Más allá del discurso maniqueo y sesgado de toros sí, toros no, el contenido de las colaboraciones feriales girará alrededor de aspectos curiosos y escasamente aireados de la Tauromaquia en relación con la Almería en fiestas.
Y para abrir boca nada mejor que ascender al cerro de San Cristóbal. Tan "atractivo" en la actualidad que hasta en dos ocasiones se incluye en el conjunto de las diez visitas guiadas previstas en el programa oficial como atracciones destacadas. ¿Tiene o no tiene imaginación el concejal responsable? ¿Es no es para que la BBC inglesa o la CBN americana vengan a grabar un documental sobre la trascendencia de la Feria almeriense y difundirla en el mercado televisivo internacional? Y por si alguien dudaba de su capacidad organizativa y sentido del ahorro, nada de gravamen al erario capitalino, al contrario: cobrando en euros al asistente. Lo que no aclara el programa (lo preguntaré en la oficina de Turismo) es si la inscripción conlleva la necesaria mascarilla antigases. Lo digo por la pestilencia que desprende toda la zona. Por el (mal) olor a la mierda acumulada de años en los alrededores del "santo" sin que al equipo de gobierno municipal se le caiga la de vergüenza la cara.
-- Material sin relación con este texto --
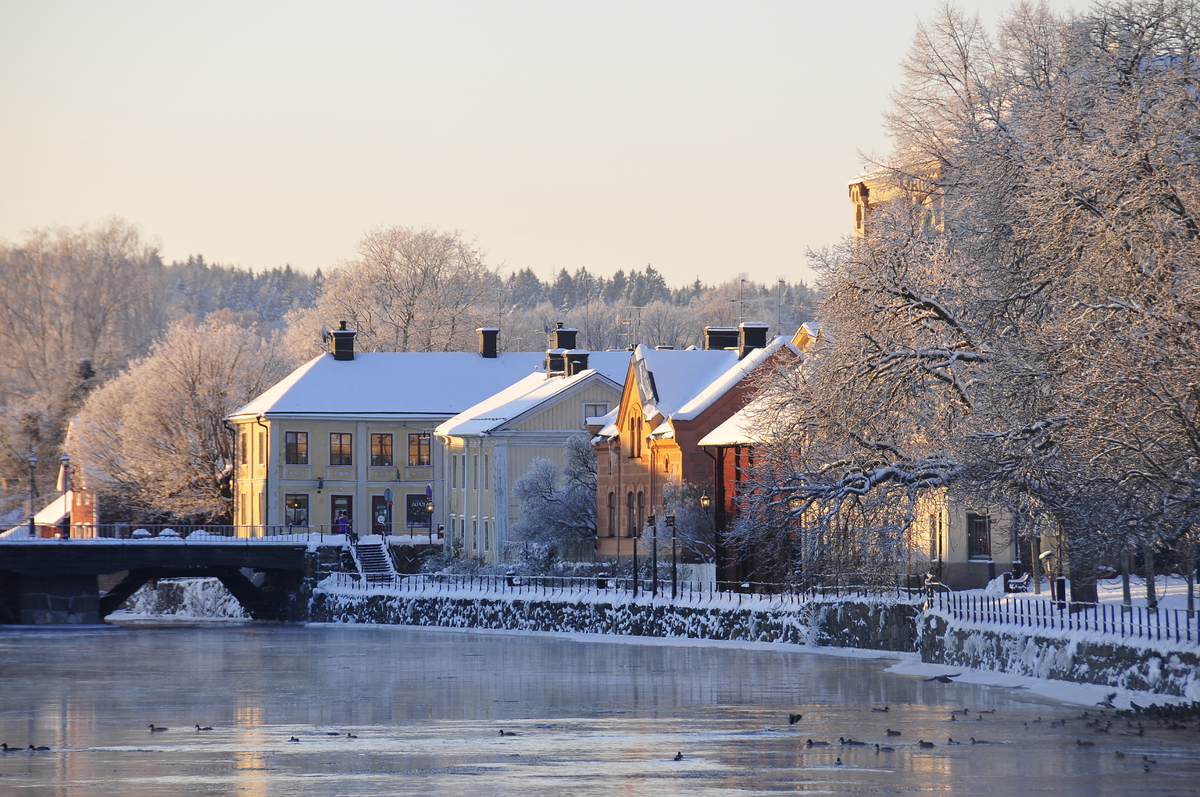 Arbogaån vinter med snö.jpg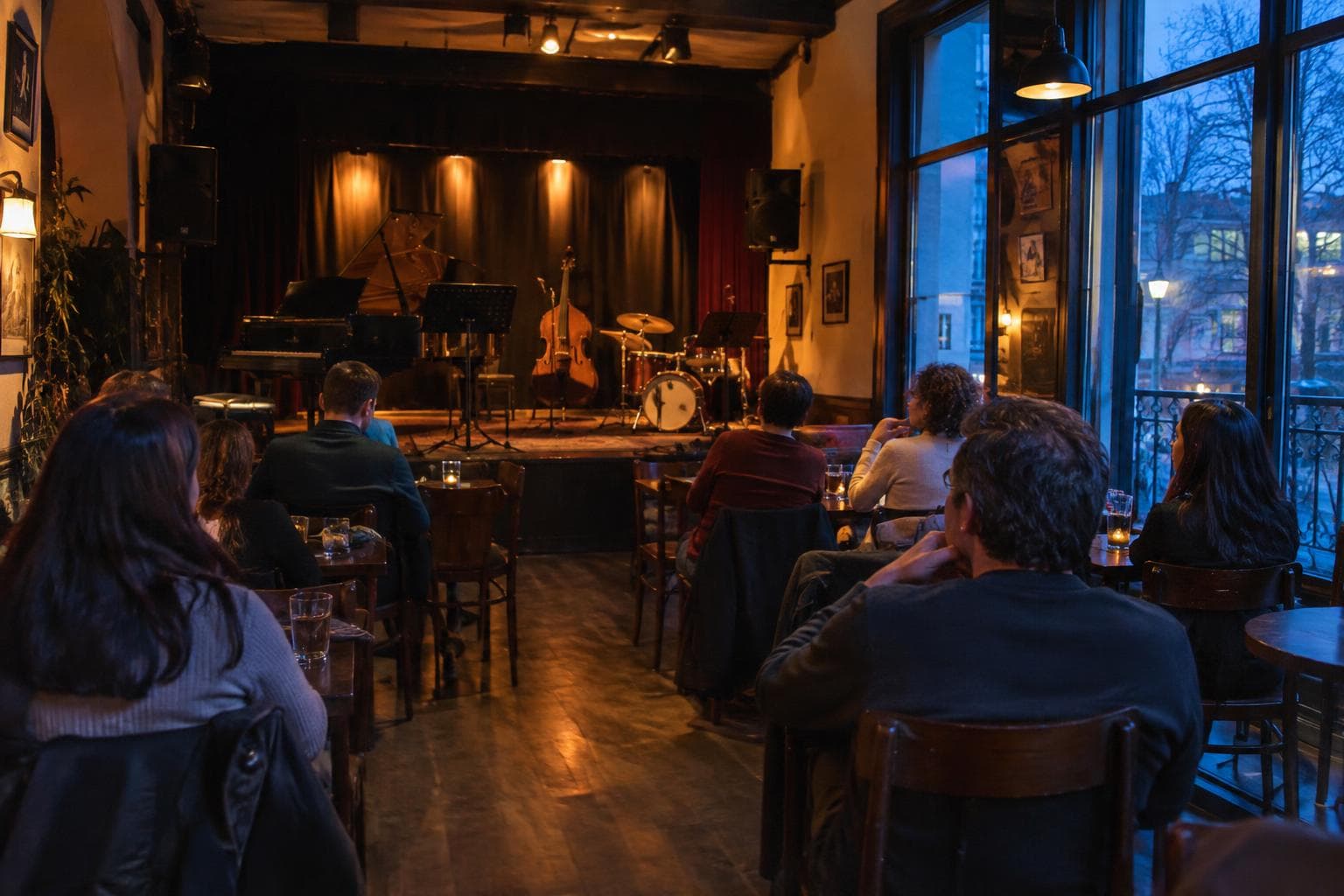 A Buenos Aires cultural café with an audience and a small stage at dusk.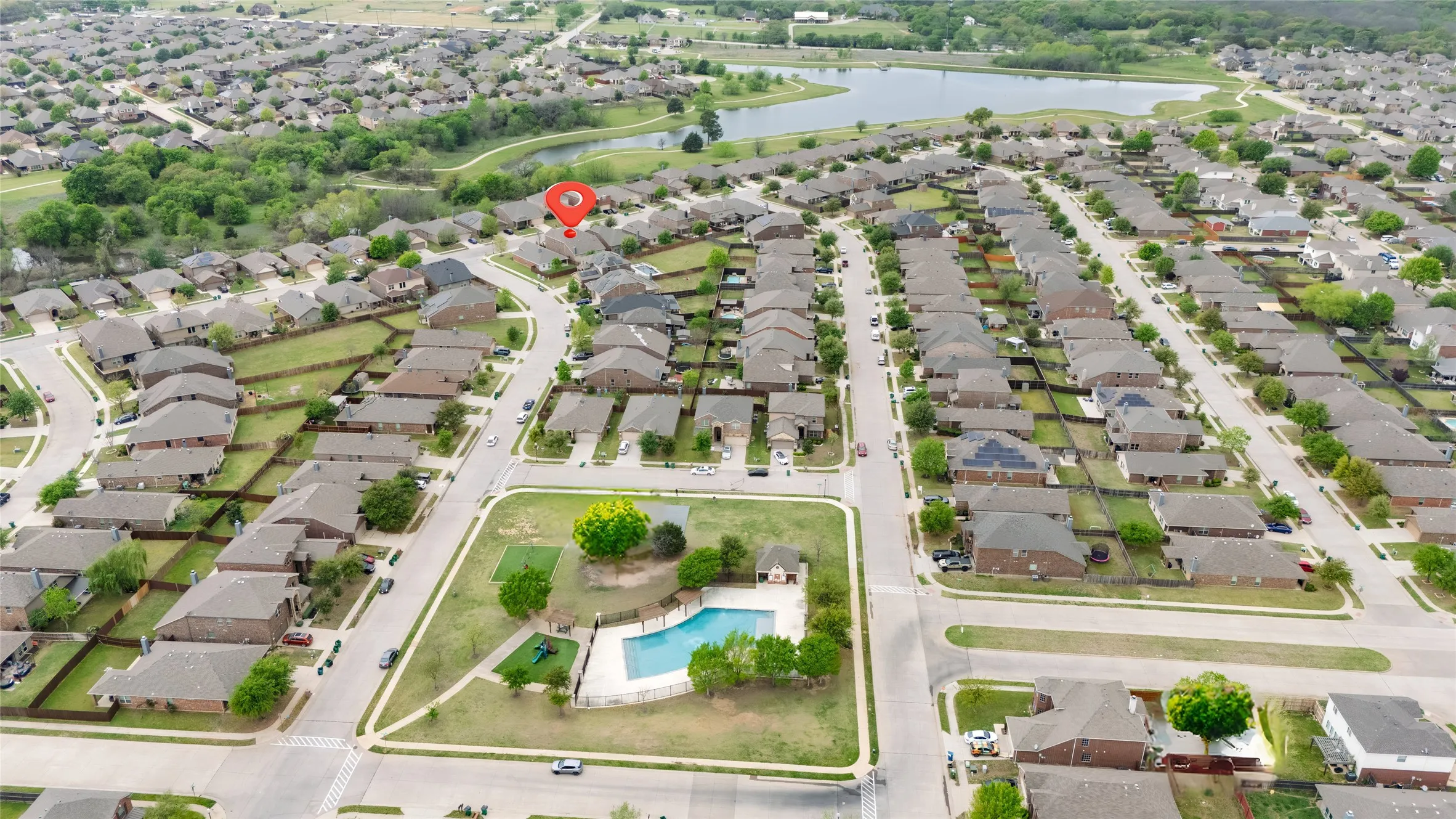Single Family Residence For Sale in Denton County , 1009 Cheyenne Drive, Aubrey, Texas 76227, 4 Bedroom, 3 Bathroom, 2 Garage spaces, 2,349 Sqft, built in 2014, Preowned, mls#21221446, Real Estate Agent in Aubrey, Homes For Sale in Denton county, Homes For Sale in Aubrey, Realtor in Aubrey Texas, Real Estate Brokerage Independent Realty Texas, Luminita Cordes Realtor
Y es que, apreciados lectores, no hay derecho a que la más bella atalaya (ya sin ironía) de la ciudad, desde donde se contempla las más espectacular panorámica de la bahía, de Cabo de Gata a Roquetas, esté abandonado a su (mala) suerte, comido de suciedad y sin que de una vez por todas la adecenten. Y no solo por los visitantes nativos o foráneos, que también, sino por los vecinos que en el barrio viven, tan dignos como los censados en Puerta de Purchena, pongamos por caso
En nuestra infancia y adolescencia acogía la quema de fuegos artificiales que luego se llevaron al cauce de la Rambla y últimamente al Paseo Marítimo. Era una Almería más amable y cómoda, menos fea y arisca. Con un presupuesto menor pero unos munícipes al frente del ayuntamiento con mayor compromiso por hacerla habitable a propios y extraños. Y ello a pesar de vivir en un régimen dictatorial que negaba las más elementales libertades democráticas.
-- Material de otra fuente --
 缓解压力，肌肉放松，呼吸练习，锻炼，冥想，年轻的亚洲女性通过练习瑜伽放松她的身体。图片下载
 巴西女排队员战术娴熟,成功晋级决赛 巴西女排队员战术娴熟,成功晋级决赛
Paraje de vía crucis, romerías y rosarios matutinos, sin el Sagrado Corazón y con una ermita centenaria habitada en el ocaso del siglo XIX por un ermitaño cuando menos peculiar. Miguel Rull se llamaba el hombre, quien debió morir con la pena de no alcanzar la alternativa. En la festividad San Cristóbal de 1876 fue el responsable de quemar el "castillo" y un lustro después el encargado de lidiar un novillo en la plazoleta -eso creíamos- al concluir la novena a la advocación titular.
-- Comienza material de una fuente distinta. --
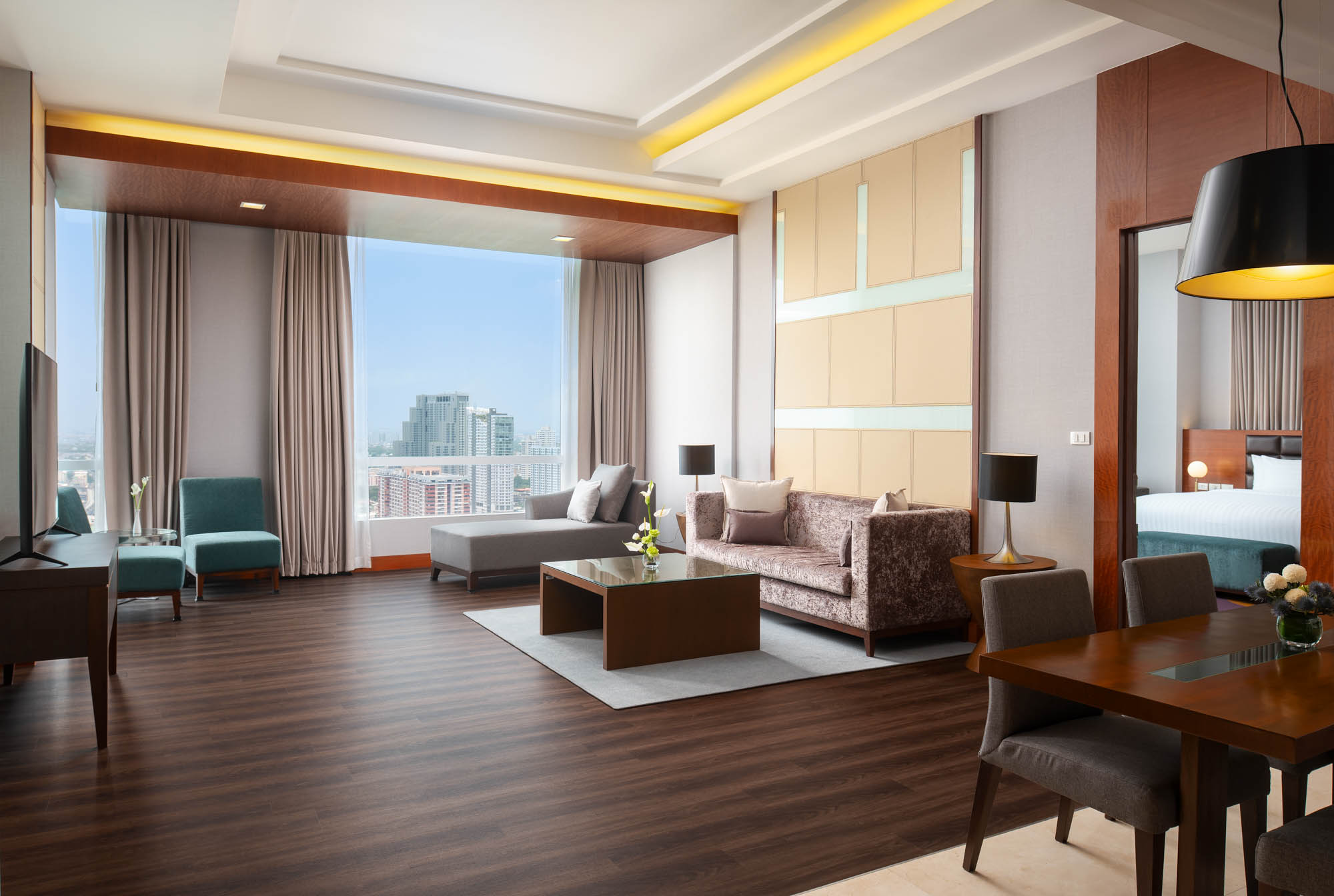Executive Suite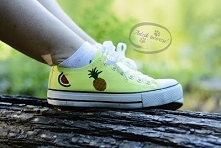 Ręcznie malowane trampki - chcesz mieć jedną parę? W takim razie...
Así se anunció, pero nuestro gozo en un pozo. Ocurrió que el bueno de Miguel Rull -a quien un acceso de misticismo, o la necesidad de ganarse el jornal con las limosnas de fieles devotos- cambió el oficio de pirotécnico por el de guardián del pequeño santuario, sin renunciar a su afición taurómaca ni a la pólvora de carretillas y cohetes. Al final ni becerro, ni banderillas, ni ná de ná: se trataba de un "toro que vomitaba fuego" -ensamblado en un carretón tirado por los mozos más brutos- al que tan proclives eran nuestros antepasados.